What does that mean please?
An HO3 is a regular homeowners policy. Assuming standard ISO language, it covers the house (including the roof) at replacement cost on an "open perils" basis. (In short, all causes of loss are covered unless specifically excluded.)

HO2 and HO1 forms are not really used in FL, but I assume they are similar to an HO8 which is like an HO3 but on a "named peril" basis. (In short, all causes of loss are excluded unless specifically covered.)
 
With the HO3 all losses unless excluded are covered for the dwelling but the contents or personal property as some people say are insured for named perils as are in the HO2. An HO 5 covers the dwelling and contents for all risk except what is excluded. An HO 8 is an ACV policy.
 
Percentage deductibles aren't the answer, ACV is. Everyone deserves their actual trash value.
Caveat, not an agent

Now that I know what ACV means,
Isn't that a process that could leave low income homeowners homeless and declaring bankruptcy?
 
Isn't that a process that could leave low income homeowners homeless and declaring bankruptcy?
Sadly, yes. Even middle income homeowners could be up a creek. I'm not sure how many John Q Workingmen have $10k+ laying around to finish a roof replacement, even after the insurance settlement.

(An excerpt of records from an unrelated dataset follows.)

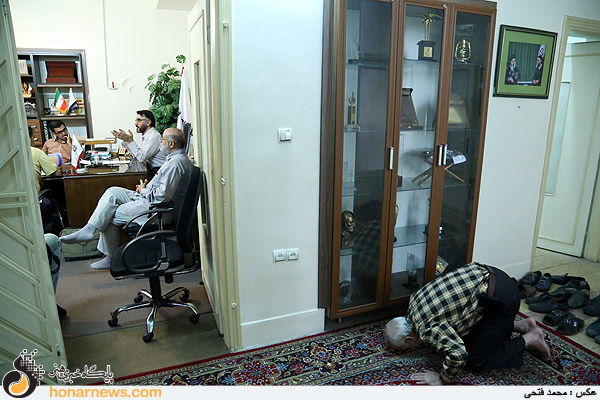 نشست خبری فرج الله سلحشور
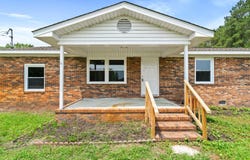 9348 Nc Highway 210, Rocky Point, NC 28457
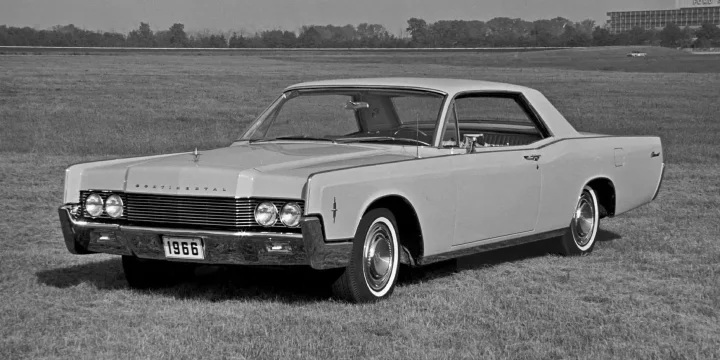 1966 Lincoln Continental Coupé
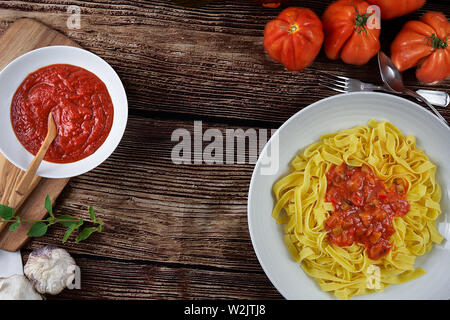 Hausgemachte Tagliatelle mit hausgemachter Sauce Ratatouille. Die Hälfte Pasta, frischen Tomaten, frische Eier, Knoblauch, Salz, Oregano, Pfeffer und Basilikum. Stockfoto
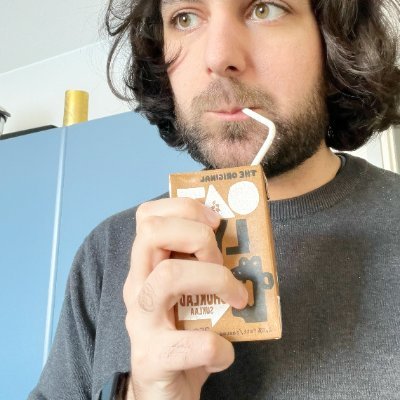 somwhatparanoid's profile picture. Aimer, rêver, pleurer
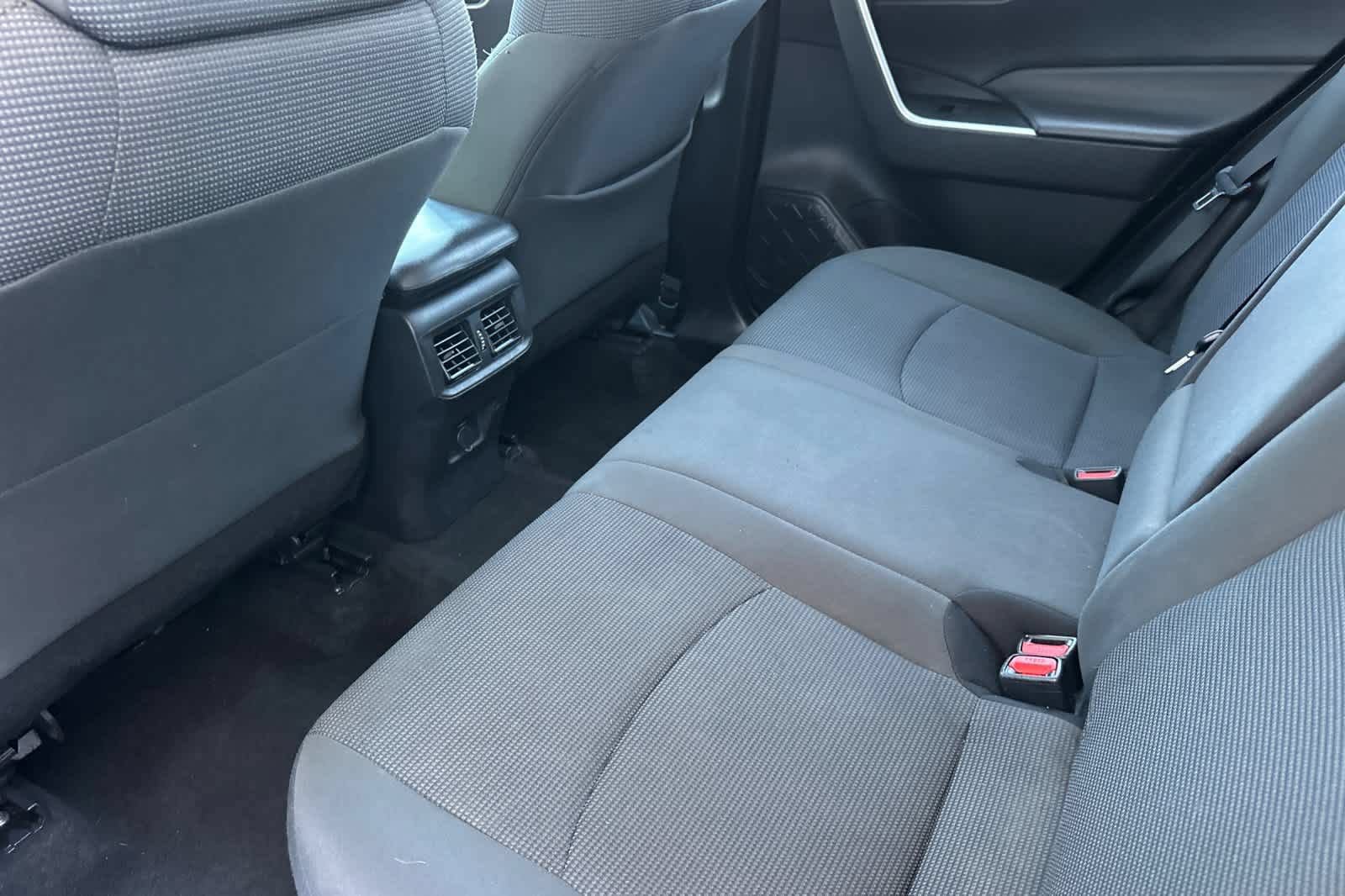 Used 2022 Toyota RAV4 LE AWD/4WD image 4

I'm a fan of Al3x Lee. He has been making strong points on this topic for years now. But at the end of the day, I wouldn't want ACV on my house.
 
I wouldn't want an ACV policy on my house. I just had a roof claim on a house with 2900 square feet. Hail storm damaged the roof and the cost to replace was $20,000. If you have an ACV policy and your has 30 year shingles but the roof is 15 years old you could have your roof depreciated 50%. The average person doesn't have $10,000 or more to replace their roof.
 
Just read a report this morning from Carrier Management titled, "U.S. P/C Insurers Post Best Q1 Underwriting Result in 17 Years. Even though direct loss ratios for commercial auto and other liability lines rose in first-quarter 2024, across all lines U. S. property/casualty insurers posted a net combined ratio of 94-- the best since first quarter 2007. I read in another publication yesterday Progressive lost 8 billion first quarter of 2023 but made 9 billion first quarter 2024. So, what's the problem.